I tried two forms of Western steeping, both with 6 ounces of water. The more traditional 4:30 steep produced a powerful aroma of raw honey with an undertone of chocolate chip cookies baking in the oven, but was somewhat less impressive in the cup with just a muddled note of the underlying sweetness that was hinted at in the aroma. Two subsequent 6 minute steeps brought faint reflections of the first cup along with a hint of pepper in the final steep. Modifying this with 1 / 2 / 3 / 4 / 5 minute steeps produced a better cup, especially in the early steeps, with the honey aroma translating into a nice honey sweetness in the cup. Pepper again made an appearance in the later steeps. The liquor varied across the spectrum of red-amber.
It was the Gong Fu treatment, however, that made me order more of this tea. I pulled out my 90 ml pot, skipped the wash and jumped right into a series of 15 second steeps until the flavor started to fade around the eighth one, whereupon I lengthened each steep considerably. Early steeps smelled and tasted like raw honey, with Yunnan spice slowly increasing as I went. The sweetness morphed from honey to something less distinct out through the 16th steep (a hail-Mary at 10 minutes), but never left. The liquor was a beautiful golden color that seemed to glow in my little clear glass teacup. This was an outstanding session which I’ve repeated several times since.
I’ve never tasted legendary teas such as Golden Fleece. Until I get that chance this stands as one of my favorite Yunnan blacks.

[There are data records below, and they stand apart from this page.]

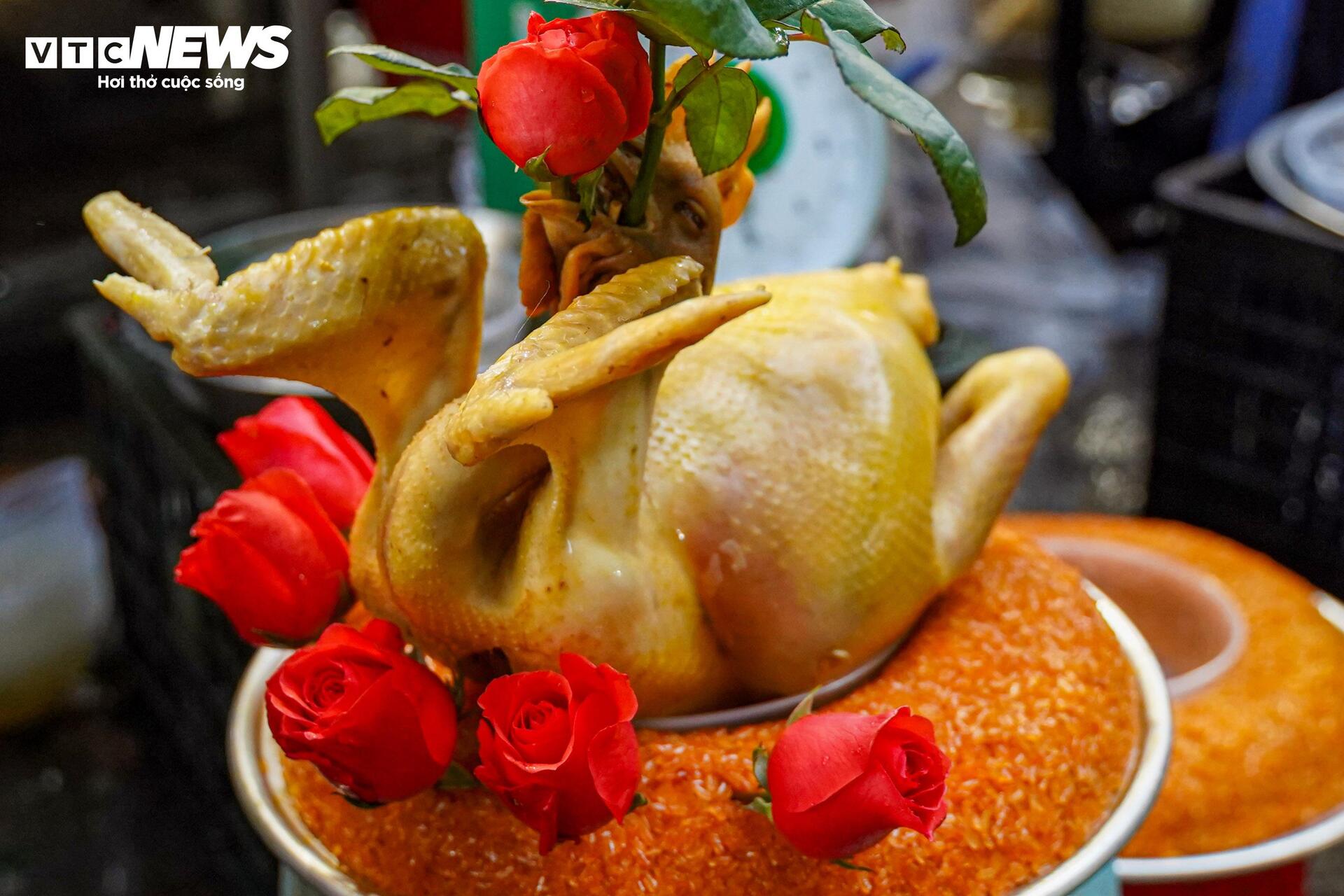 Xôi gà lễ, cỗ cúng rằm tháng 7 giá gần 1 triệu đồng hút khách tại 'chợ nhà giàu' - Ảnh 2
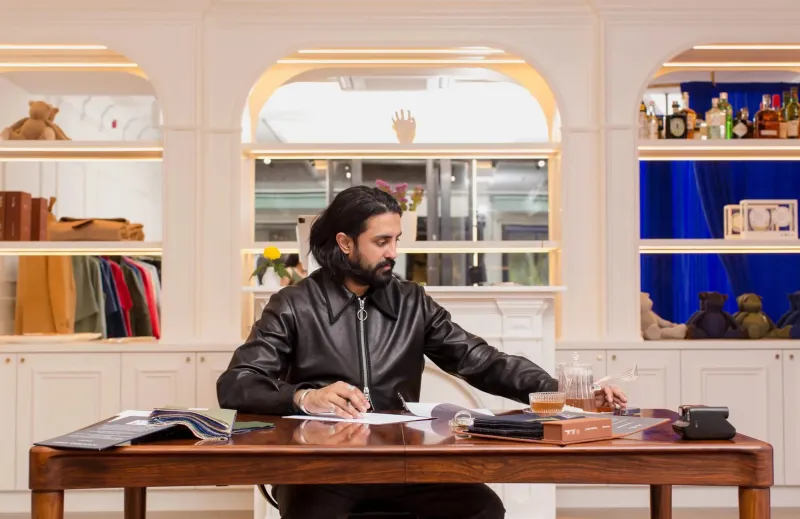 مجموعة "Harrods" و"Clothsurgeon".. إعادة تعريف لمعنى الأزياء الرجالية الراقية 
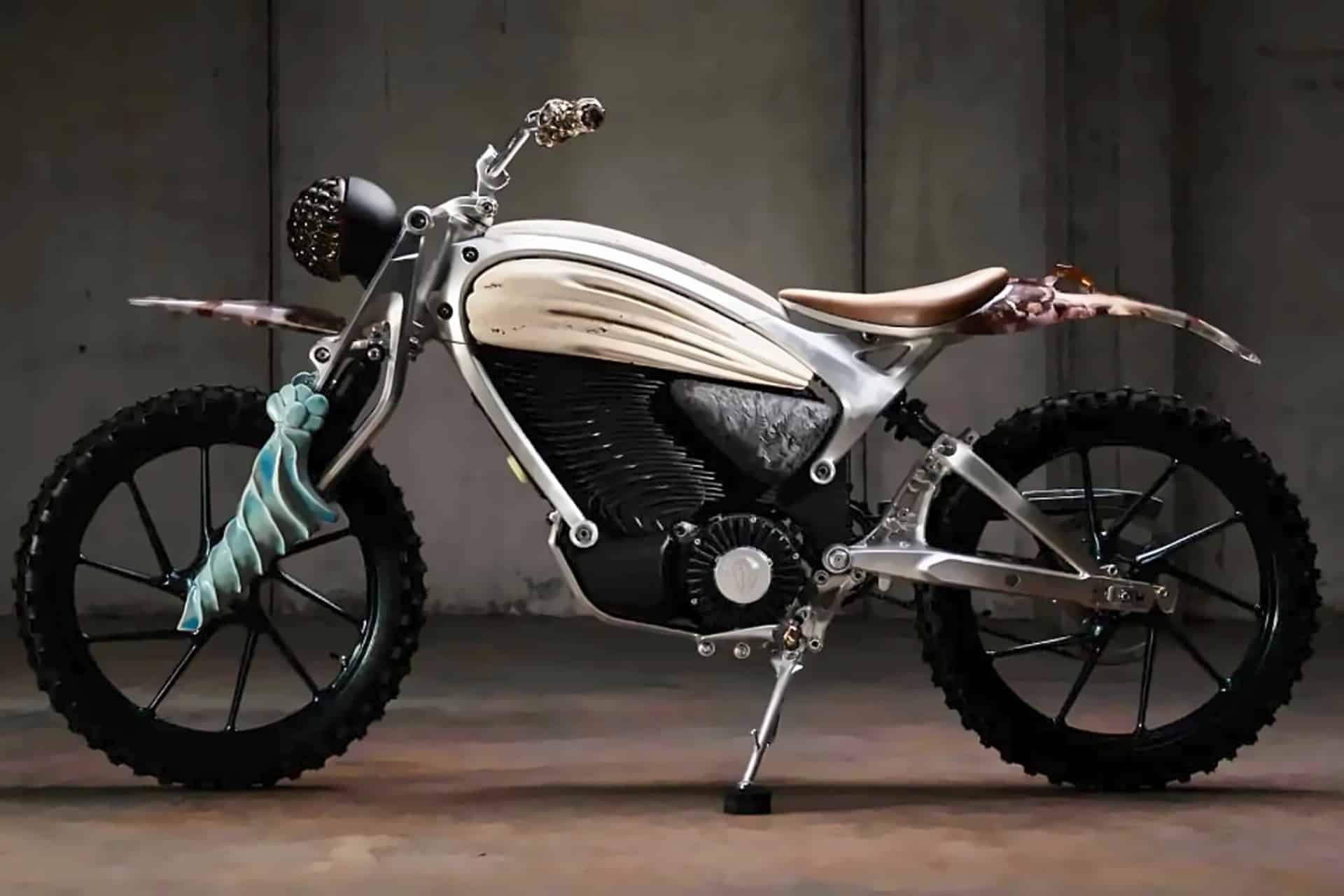 Mattia Biagi presents “Motototem”, the Flying Flea C6 conceived from an artistic perspective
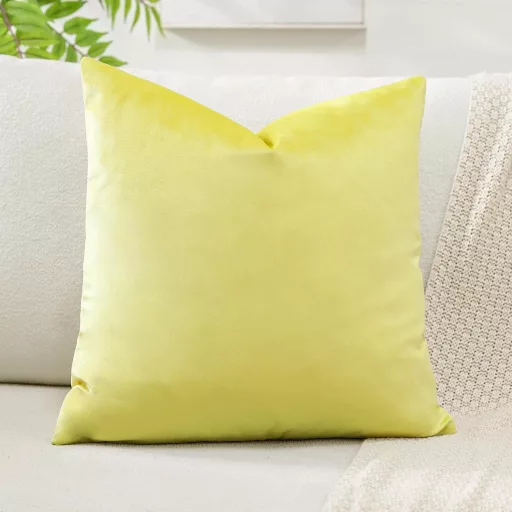 Artscope zamatová obliečka na vankúš 40x40 cm na citrónovožltý gauč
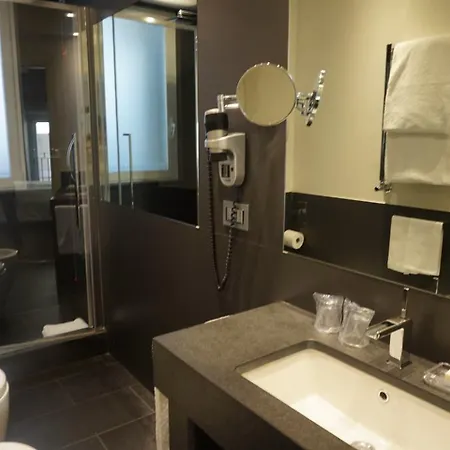 曼奇诺街12号酒店 酒店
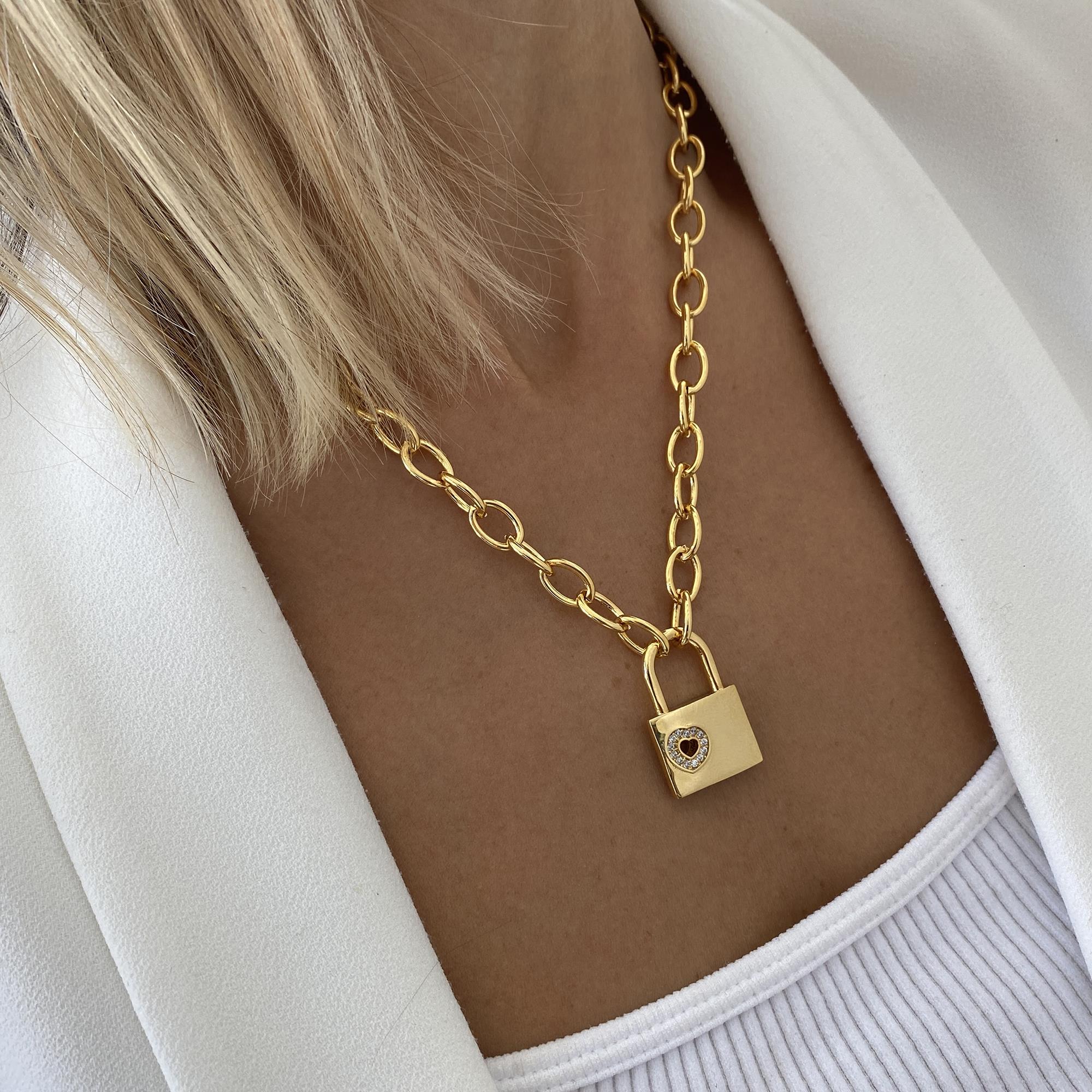 Locked Heart Kolye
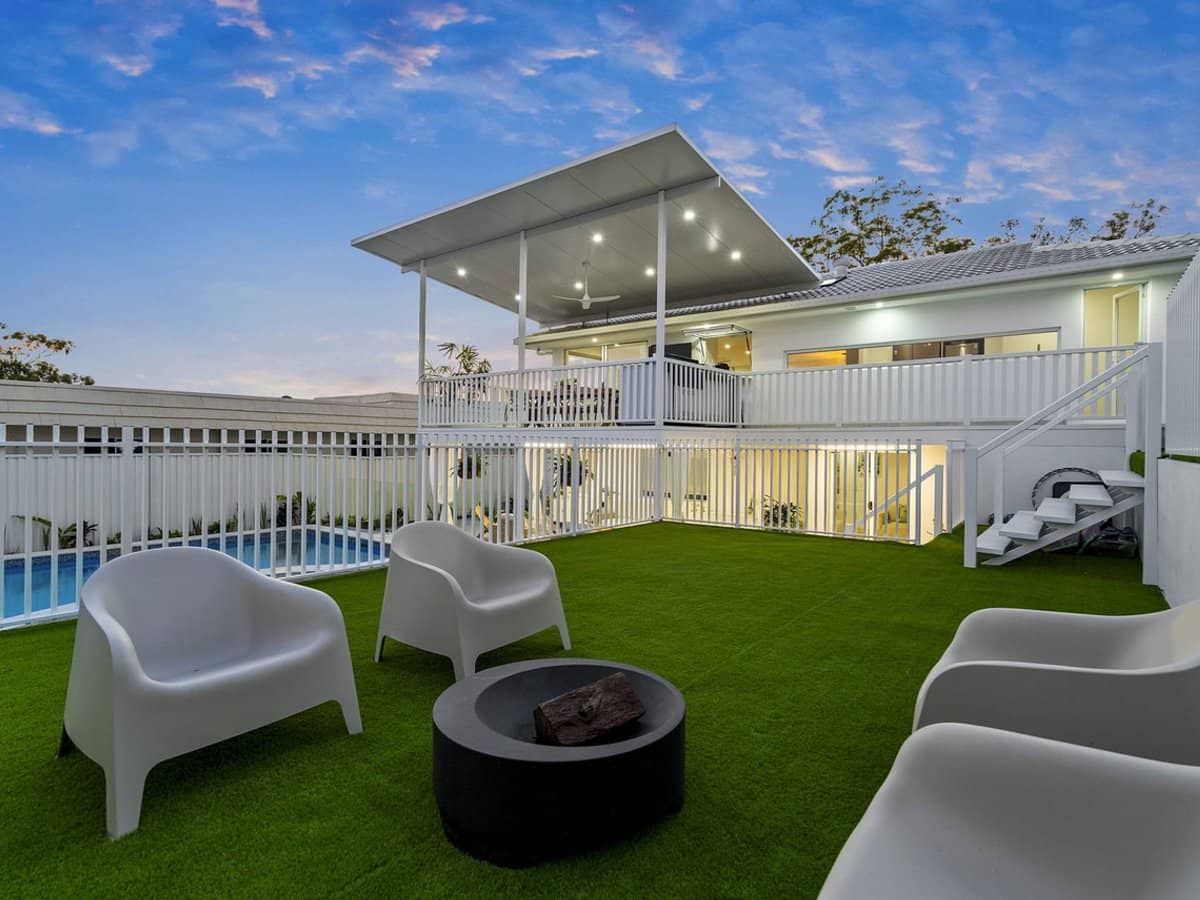 7 Coolibah Street, SOUTHPORT - Thumbnail 2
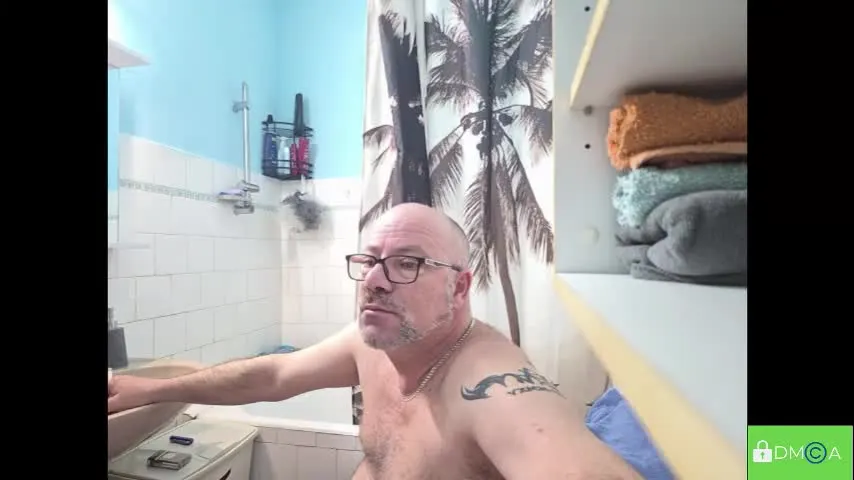 _joker69_ — Goal: ❤Clamp cockhead with clothespin. i have 5....5 tk each! PVT Open! 💃 #bigcock #married #chubby #new #straight - Next Goal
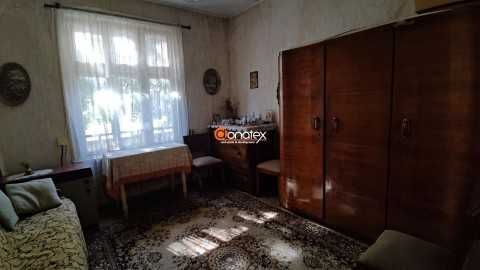 Продава втори етаж от къща с площ 97 кв.м., в центъра на град Карлово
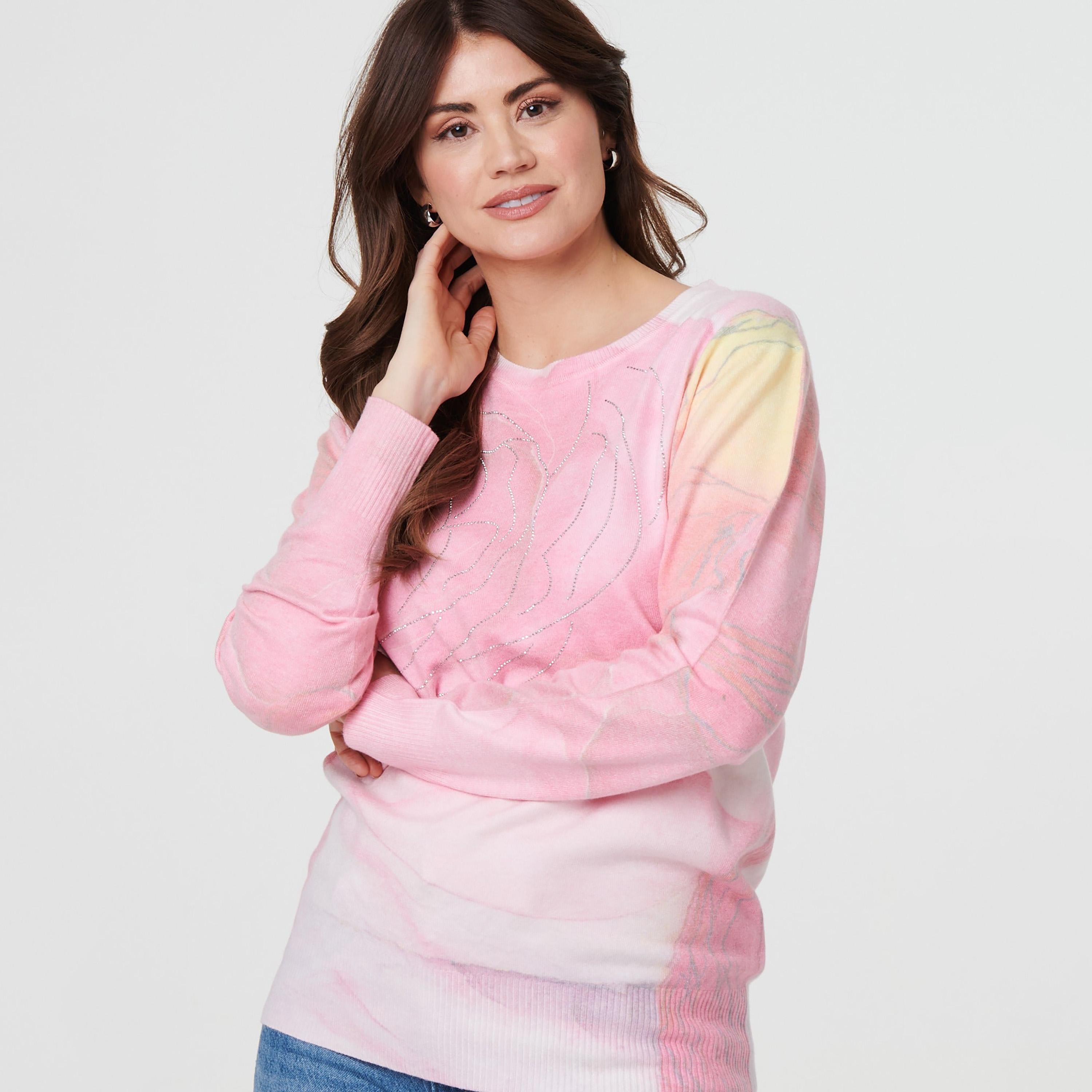 بلوزة "كنيت" تريكو نسائية بطبعة ورود من إيزابيل لندن-women-clothing-shirtsandblouses-blouses-image-8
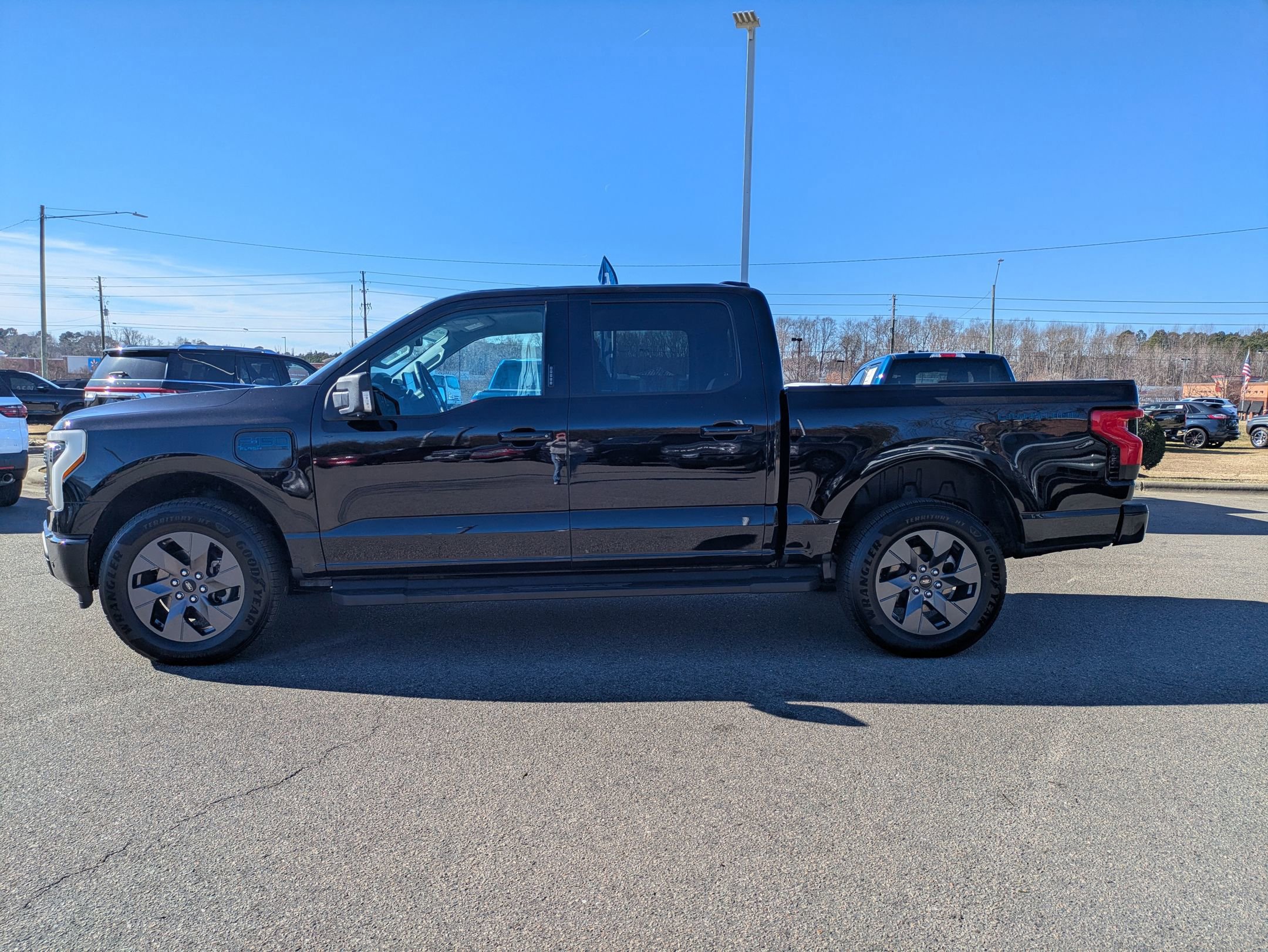 Certified 2024 Ford F150 Lightning Flash w/ Max Trailer Tow Package image 2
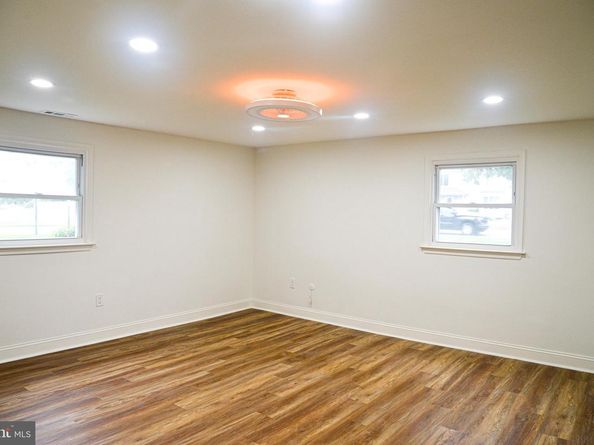 114 Nursery Avenue, Levittown PA 19057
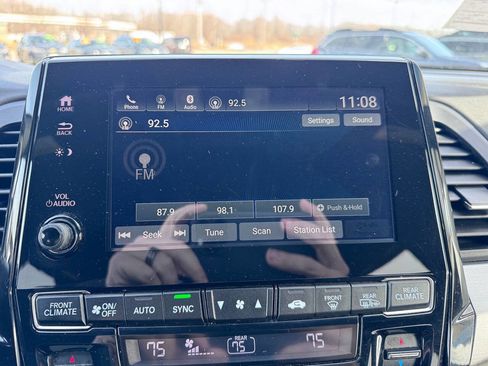 Used 2023 Honda Odyssey Sport image 13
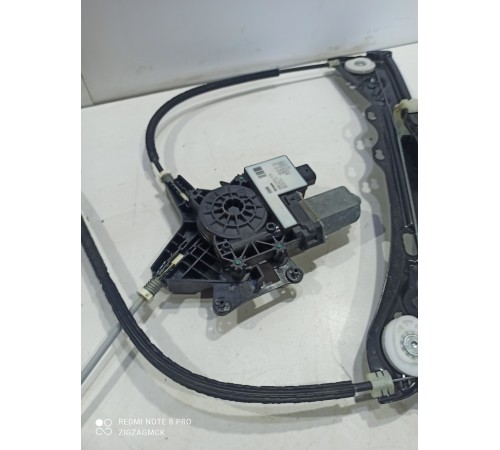 Стеклоподъемник (передний левый)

First a big thank you to mrmopar, whose tasting notes made me aware of this shu and whose guidance steered me to a reputable seller.
This is, without a doubt, the finest shu I have tasted to date. Rounded and full, powerful in the early steeps, but not overbearing and never bitter or astringent. Notes of leather, cedar, chicory, minerals, mushrooms, citrus and pepper make appearances in various combinations as the steeps progress, with each taking a turn at prominence yet never overshadowing the others. The aroma is refined and never funky. My notes show a range of earthy scents (clean damp earth, loamy earth, hints of peat, fresh rain, clean wet hay) with an underlying sweetness throughout. The liquor runs the gamut of reds, from nearly opaque through ruby, and will transition to a deep amber if you give it enough steeps.
It seems to benefit from adequate leaf quantity and fairly short steeps. Although I have not come up with a definitive Gong Fu regimen for this, I’m leaning towards a baseline of 6 grams per 100 ml (scaled up linearly to my pot size at 7.8 grams and 130 ml). I use 212 F water, give it a single 15 second rinse and a 2 minute pause to allow the leaves to begin to open up. My steeps run 15 / 6 / 8 / 10 / 15 / 20 / 25 / 30 seconds, with the first steep running a little long to allow the tea to finish opening up.
This is one shu I’ll buy more of to give a couple of cakes time to age. Absolutely stunning IMO.